= Problem details =
The task for the listing below is to write out exactly the lines starting at the one containing "Man sitting inside" and ending at the one containing "Doctor takes notes", both included. Pictures are to be omitted.

= Available records =
***

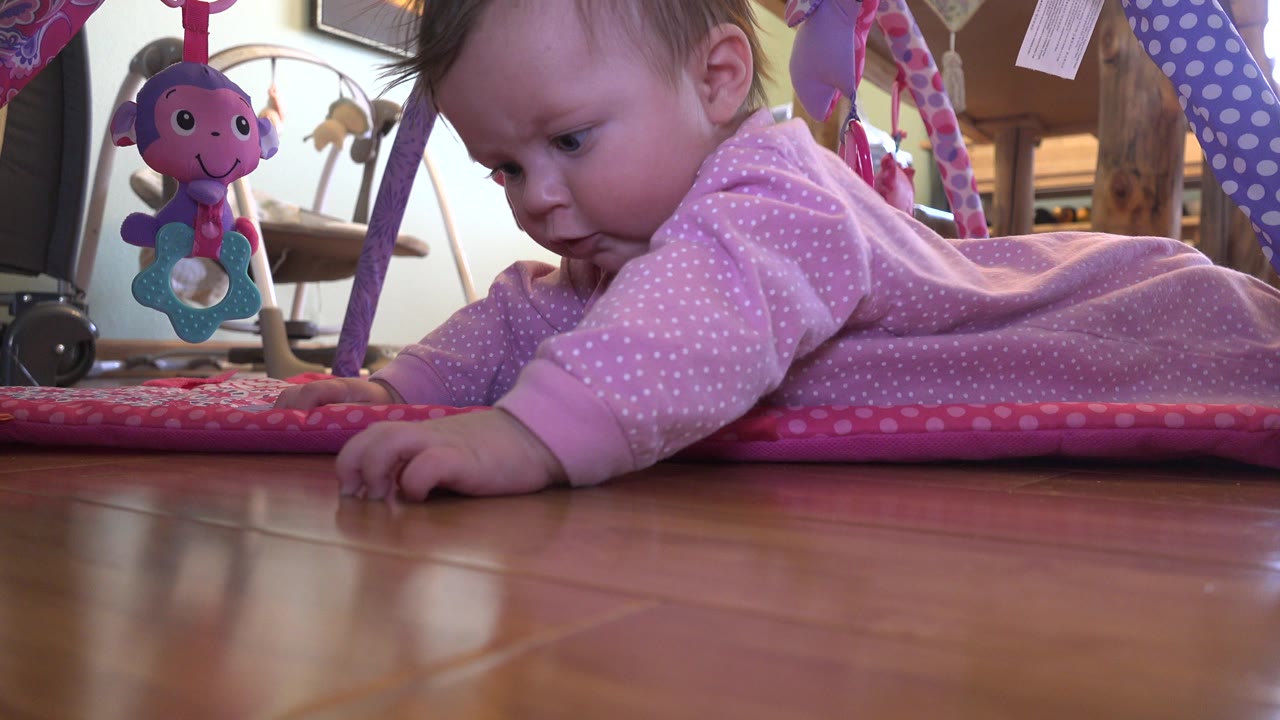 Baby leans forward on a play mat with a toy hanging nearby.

***

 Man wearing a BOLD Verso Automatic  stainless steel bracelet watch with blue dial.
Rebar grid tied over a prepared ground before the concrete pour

***

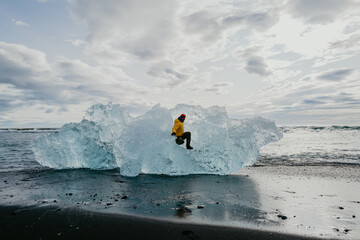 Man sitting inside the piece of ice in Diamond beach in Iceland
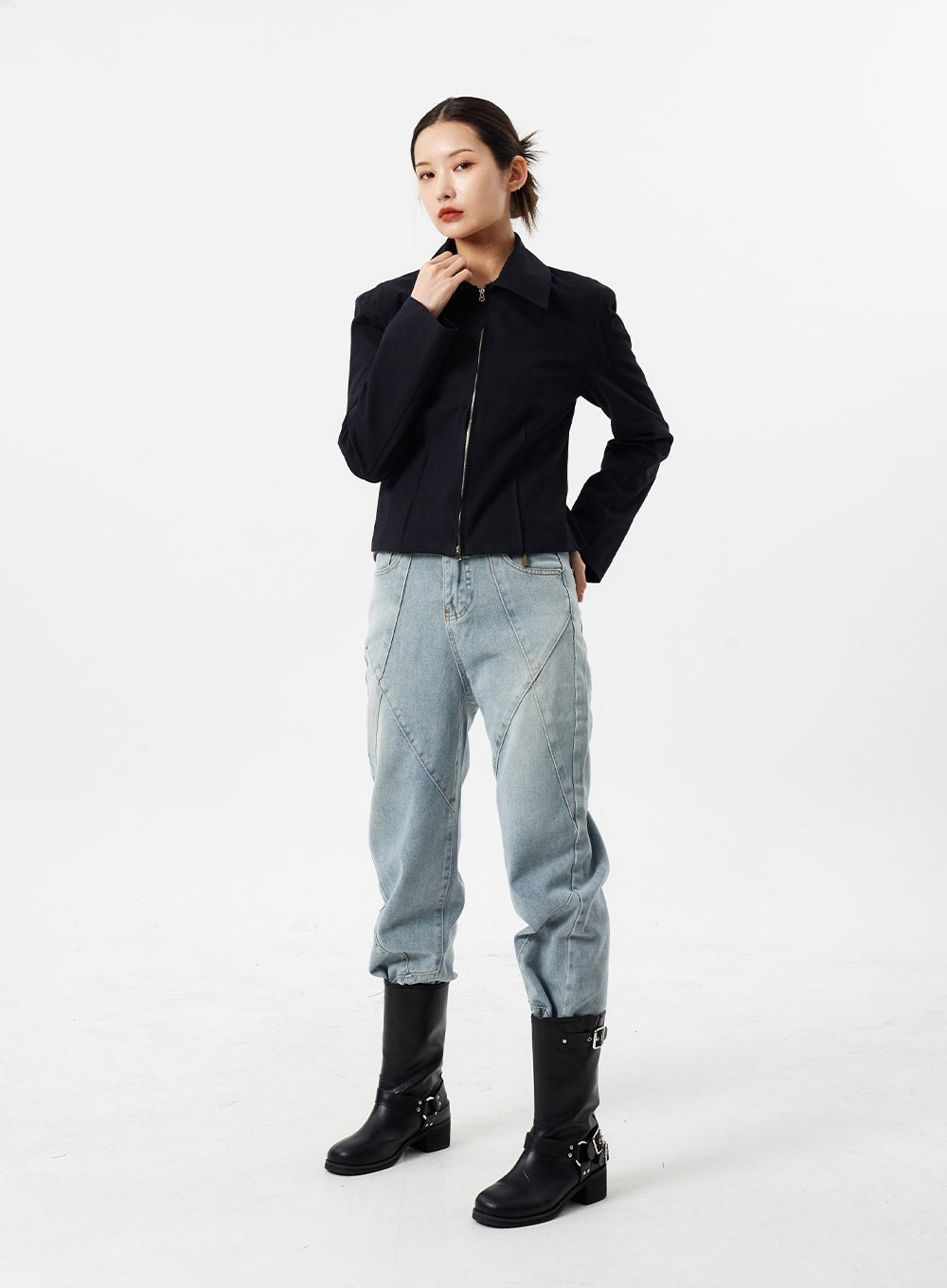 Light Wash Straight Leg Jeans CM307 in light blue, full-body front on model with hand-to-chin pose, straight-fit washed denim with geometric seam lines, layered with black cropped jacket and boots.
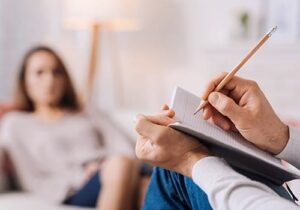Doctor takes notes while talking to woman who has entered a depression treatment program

***

= Result for this task =
 Man sitting inside the piece of ice in Diamond beach in Iceland
 Light Wash Straight Leg Jeans CM307 in light blue, full-body front on model with hand-to-chin pose, straight-fit washed denim with geometric seam lines, layered with black cropped jacket and boots.
Doctor takes notes while talking to woman who has entered a depression treatment program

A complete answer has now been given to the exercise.